Does the Magnum stove require a 4" vent pipe? The reason I'm asking this is that for such a short run don't installers
usually use a 3" vent pipe. Could it be that the 4" pipe is too wide ( large)  and the fly ash from the stove never gets enough velocity to exit the piping?  Since the Magnum has a rather weak air flow  to begin with it just gets worse with strong outside winds. You mentioned that the ash is getting stuck in places along the way, sounds like not enough air flow to keep it clear to me... I agree with the other forum members that you could shorten up the  pipe and see what happens.


----------



## SmokeyTheBear (Apr 5, 2012)

Lorne41 said:


> Does the Magnum stove require a 4" vent pipe? The reason I'm asking this is that for such a short run don't installers
> usually use a 3" vent pipe. Could it be that the 4" pipe is too wide ( large) and the fly ash from the stove never gets enough velocity to exit the piping? Since the Magnum has a rather weak air flow to begin with it just gets worse with strong outside winds.

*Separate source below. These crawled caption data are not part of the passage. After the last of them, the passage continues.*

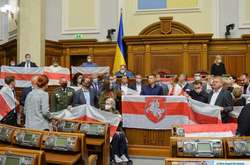 У «Слузі народу» заявили, що питання Білорусі розглянуть на засіданні Ради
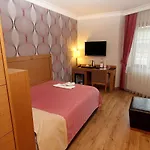 Ξενοδοχείο Levent 3*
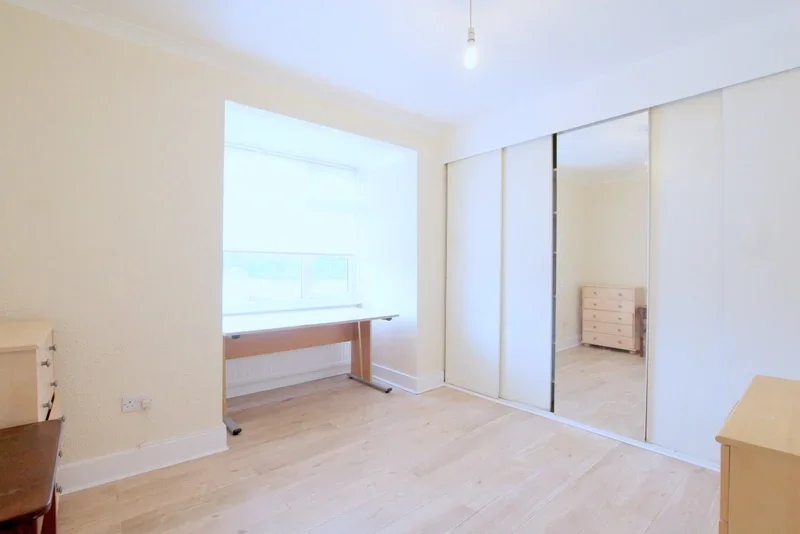 Flat Twickenham Road in Greater London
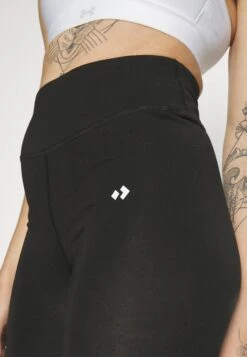 Pantalón 3/4 De Deporte - Black -ASOS TIENDA 795eb34d88eb4bd78d30f4637f56024d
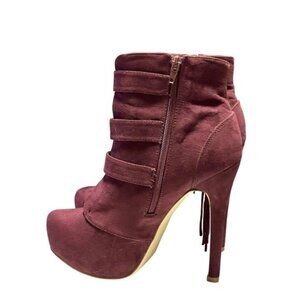 Just Fab Burgundy Velvet Suede Ankle Boots Zip up straps & tassel accents size 8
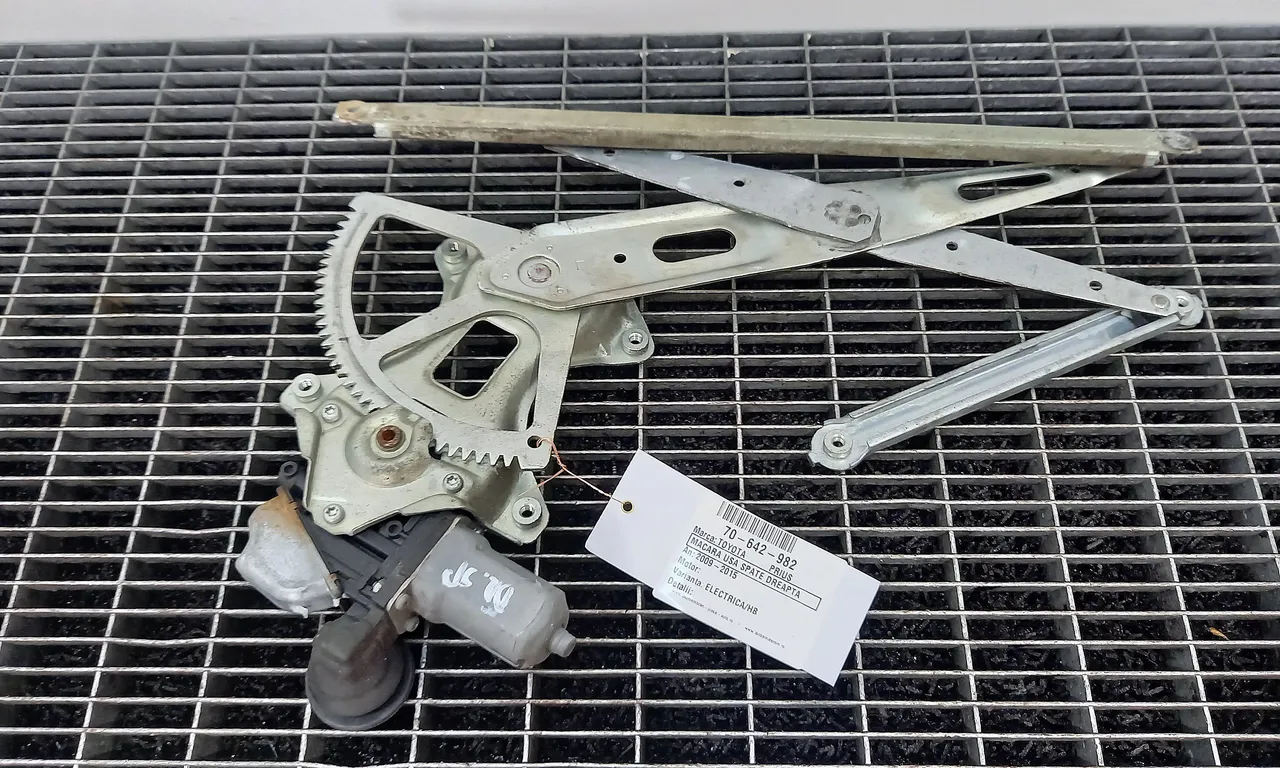 MACARA USA SPATE DREAPTA TOYOTA PRIUS 2008-2016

You mentioned that the ash is getting stuck in places along the way, sounds like not enough air flow to keep it clear to me... I agree with the other forum members that you could shorten up the pipe and see what happens.


 

Those ninety degree bends frequently put the venting over what a 3" can be used for, especially if the combustion fan isn't particularly strong. 

You have to consult the manual and be careful about the direction you are venting into when using 3" stuff.

If the manual allows for a straight out vent and the stove is OAKed that may be the best option.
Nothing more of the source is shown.